The Wotasnozzle frames are always a bit weird since I don’t know why they’re needed. These cartoons never seem like they’d make less sense if we started with Popeye in Medieval times, or the future, or caveman days, or whatnot. We never get scenes of Popeye trying to work out where or when he is. That’s confusing since the standard frame has Popeye knocked unconscious and dropped somewhere else in time. But in this case we don’t see that whole frame; the cartoon assumes the audience has seen enough of this to get the setup. I suppose they have. Kids have so much easier a time understanding stories.

Once we’re there, the story pretty near stops. We get the main cast (mostly) recast as Arthurian-ish characters. Wimpy as King Arthur, Olive Oyl as Olive Guinevere, Brutus as the Black Knight are about all you can do. The Sea Hag as Merlin makes the best sense at giving the role to someone magical. Naming her Ethyl Merlin is a nice gag. Anything the Sea Hag does is coded as villainous. It seems to me we don’t often see Merlin portrayed as a villain, at least not in Camelot-set stories. A Connecticut Yankee in King Arthur’s Court excepted. I’m not sure she quite reaches the point of villainy, though. Before she enters everyone’s afraid Popeye is a spy or something — they’re afraid of his pipe as some kind of sorcery. Even a good Merlin might reasonably want this intruder locked up until they were sure what his deal was.

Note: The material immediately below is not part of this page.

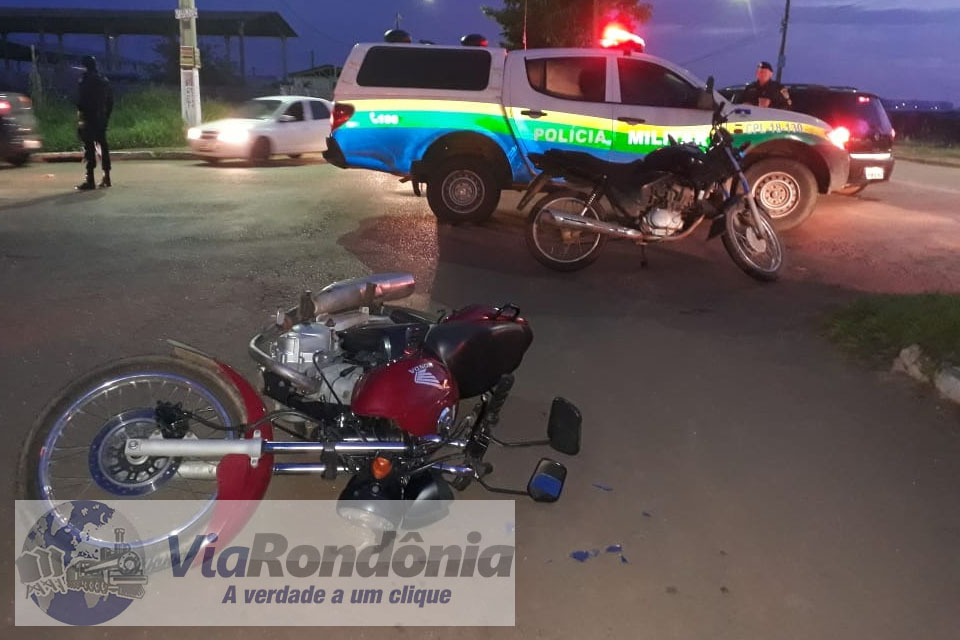 Colisão entre duas motos deixa quatro pessoas feridas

This all turns into a jousting contest between Popeye and the Black Knight, using what stunts need the least possible new animation. There’s charm here. A lot of it is silly dialogue, elevated by the decision to speak with Fake Old-Time Word Endingseth. Or jokes about the knight-fall or how the squashed Brutus is “what a short knight”. The running joke about Wimpy wanting more medieval hamburgers has some nice pacing and delivery, given how many end up bonking him on the head. I don’t get the joke early on about Wimpy wishing they’d invent hamburger buns and Olive Oyl saying “Oh, nay, t’would be ill. Bread!” I mean, I get that it’s funny because it has the sound of a pun, but the pun doesn’t make sense. They’re trying out a lot of jokes, they can’t all work. I appreciate the attempt.